(Dataset records)
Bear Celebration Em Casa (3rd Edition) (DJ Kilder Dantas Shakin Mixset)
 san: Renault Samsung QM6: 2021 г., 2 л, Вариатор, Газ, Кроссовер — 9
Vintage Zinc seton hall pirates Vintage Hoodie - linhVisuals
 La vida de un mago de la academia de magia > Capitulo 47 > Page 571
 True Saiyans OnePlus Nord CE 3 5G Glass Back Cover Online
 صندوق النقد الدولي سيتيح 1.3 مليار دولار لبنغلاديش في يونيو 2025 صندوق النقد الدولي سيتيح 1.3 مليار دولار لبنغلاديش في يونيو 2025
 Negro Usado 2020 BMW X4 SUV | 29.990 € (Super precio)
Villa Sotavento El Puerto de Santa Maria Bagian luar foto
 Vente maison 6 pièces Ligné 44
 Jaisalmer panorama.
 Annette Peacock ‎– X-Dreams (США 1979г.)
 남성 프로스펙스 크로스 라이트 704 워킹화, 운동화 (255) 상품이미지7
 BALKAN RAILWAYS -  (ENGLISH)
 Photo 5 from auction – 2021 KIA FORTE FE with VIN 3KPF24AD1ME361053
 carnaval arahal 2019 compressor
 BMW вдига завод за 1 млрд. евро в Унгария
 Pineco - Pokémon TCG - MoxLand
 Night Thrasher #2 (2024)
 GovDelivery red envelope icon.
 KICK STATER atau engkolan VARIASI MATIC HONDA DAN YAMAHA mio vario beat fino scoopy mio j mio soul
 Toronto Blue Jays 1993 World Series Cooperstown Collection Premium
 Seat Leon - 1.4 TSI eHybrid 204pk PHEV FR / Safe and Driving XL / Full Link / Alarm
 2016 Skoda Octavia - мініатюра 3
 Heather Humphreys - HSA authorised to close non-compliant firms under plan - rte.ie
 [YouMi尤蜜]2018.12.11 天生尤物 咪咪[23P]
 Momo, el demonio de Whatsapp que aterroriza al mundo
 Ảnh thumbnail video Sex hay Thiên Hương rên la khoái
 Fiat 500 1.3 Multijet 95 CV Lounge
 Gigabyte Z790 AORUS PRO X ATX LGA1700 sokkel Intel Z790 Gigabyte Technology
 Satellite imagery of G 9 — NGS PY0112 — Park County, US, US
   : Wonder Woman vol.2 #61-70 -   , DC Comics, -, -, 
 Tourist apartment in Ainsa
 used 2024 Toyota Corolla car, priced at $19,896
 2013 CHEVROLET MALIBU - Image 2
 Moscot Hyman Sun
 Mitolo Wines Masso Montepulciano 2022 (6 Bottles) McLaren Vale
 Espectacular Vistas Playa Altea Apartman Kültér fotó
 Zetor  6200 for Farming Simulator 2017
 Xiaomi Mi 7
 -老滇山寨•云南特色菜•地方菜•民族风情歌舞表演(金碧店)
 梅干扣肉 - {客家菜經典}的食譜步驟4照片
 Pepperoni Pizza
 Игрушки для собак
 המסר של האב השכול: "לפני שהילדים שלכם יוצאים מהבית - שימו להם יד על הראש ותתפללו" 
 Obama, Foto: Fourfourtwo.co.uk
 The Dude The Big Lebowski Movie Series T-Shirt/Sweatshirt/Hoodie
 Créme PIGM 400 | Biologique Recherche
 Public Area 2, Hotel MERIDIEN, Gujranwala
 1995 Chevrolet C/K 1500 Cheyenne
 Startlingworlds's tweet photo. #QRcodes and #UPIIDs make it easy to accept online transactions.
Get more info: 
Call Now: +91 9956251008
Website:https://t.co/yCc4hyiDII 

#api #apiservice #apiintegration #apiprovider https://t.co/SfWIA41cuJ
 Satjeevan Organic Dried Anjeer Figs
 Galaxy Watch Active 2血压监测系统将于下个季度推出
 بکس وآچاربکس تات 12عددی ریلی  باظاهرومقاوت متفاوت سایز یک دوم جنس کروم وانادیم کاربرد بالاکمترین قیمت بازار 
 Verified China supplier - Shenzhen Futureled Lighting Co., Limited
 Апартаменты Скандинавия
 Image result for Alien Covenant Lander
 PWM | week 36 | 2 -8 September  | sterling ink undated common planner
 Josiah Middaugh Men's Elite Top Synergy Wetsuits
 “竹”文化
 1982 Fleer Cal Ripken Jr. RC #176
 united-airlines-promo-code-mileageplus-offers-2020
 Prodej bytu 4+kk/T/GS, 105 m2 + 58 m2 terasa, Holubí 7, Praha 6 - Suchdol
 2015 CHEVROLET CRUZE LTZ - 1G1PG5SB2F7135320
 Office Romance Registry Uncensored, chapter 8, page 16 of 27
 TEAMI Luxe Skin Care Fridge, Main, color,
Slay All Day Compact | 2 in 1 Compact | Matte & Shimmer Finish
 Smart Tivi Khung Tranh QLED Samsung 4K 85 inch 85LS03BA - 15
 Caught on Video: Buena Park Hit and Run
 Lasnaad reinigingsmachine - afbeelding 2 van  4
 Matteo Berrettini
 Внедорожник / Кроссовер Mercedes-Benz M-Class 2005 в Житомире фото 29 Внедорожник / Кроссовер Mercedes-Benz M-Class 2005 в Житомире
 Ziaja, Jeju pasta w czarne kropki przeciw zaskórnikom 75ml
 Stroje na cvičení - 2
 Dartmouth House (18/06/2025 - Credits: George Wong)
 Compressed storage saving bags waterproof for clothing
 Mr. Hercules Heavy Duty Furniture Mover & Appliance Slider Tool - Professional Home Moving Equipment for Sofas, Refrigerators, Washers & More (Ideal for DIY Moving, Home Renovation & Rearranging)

**WHAT IS BEING ASKED:**
Transcribe, word for word, the data above from its first line through the line with "GovDelivery red envelope icon.", and include nothing else.

**WRITTEN REPLY:**
Bear Celebration Em Casa (3rd Edition) (DJ Kilder Dantas Shakin Mixset)
 san: Renault Samsung QM6: 2021 г., 2 л, Вариатор, Газ, Кроссовер — 9
Vintage Zinc seton hall pirates Vintage Hoodie - linhVisuals
 La vida de un mago de la academia de magia > Capitulo 47 > Page 571
 True Saiyans OnePlus Nord CE 3 5G Glass Back Cover Online
 صندوق النقد الدولي سيتيح 1.3 مليار دولار لبنغلاديش في يونيو 2025 صندوق النقد الدولي سيتيح 1.3 مليار دولار لبنغلاديش في يونيو 2025
 Negro Usado 2020 BMW X4 SUV | 29.990 € (Super precio)
Villa Sotavento El Puerto de Santa Maria Bagian luar foto
 Vente maison 6 pièces Ligné 44
 Jaisalmer panorama.
 Annette Peacock ‎– X-Dreams (США 1979г.)
 남성 프로스펙스 크로스 라이트 704 워킹화, 운동화 (255) 상품이미지7
 BALKAN RAILWAYS -  (ENGLISH)
 Photo 5 from auction – 2021 KIA FORTE FE with VIN 3KPF24AD1ME361053
 carnaval arahal 2019 compressor
 BMW вдига завод за 1 млрд. евро в Унгария
 Pineco - Pokémon TCG - MoxLand
 Night Thrasher #2 (2024)
 GovDelivery red envelope icon.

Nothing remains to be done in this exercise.